Work instructions: Repeat each entry exactly and drop the pictures.

----

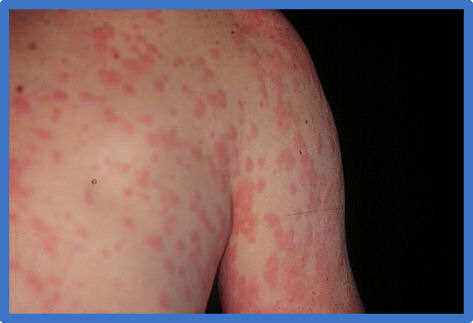100 Gambar Alergi Henna Kekinian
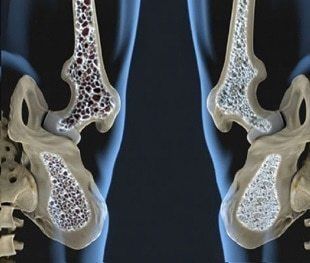 Sarcopenia: una complicación crónica en Diabetes mellitus tipo 2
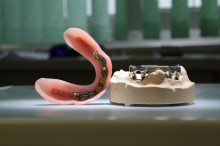 Kombinierter Zahnersatz: Stegprothese #2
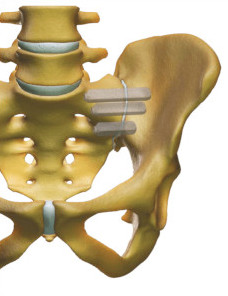 arthrodèse sacro-iliaque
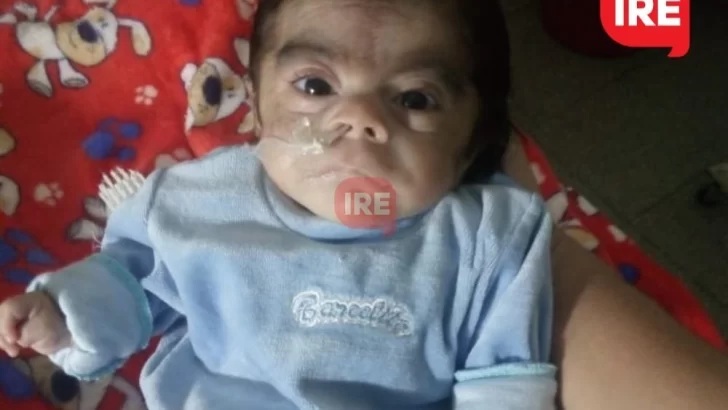 Seba tiene 4 meses, nació prematuro y necesita la ayuda de la región para volver a Gaboto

----

Task result:
100 Gambar Alergi Henna Kekinian
 Sarcopenia: una complicación crónica en Diabetes mellitus tipo 2
 Kombinierter Zahnersatz: Stegprothese #2
 arthrodèse sacro-iliaque
 Seba tiene 4 meses, nació prematuro y necesita la ayuda de la región para volver a Gaboto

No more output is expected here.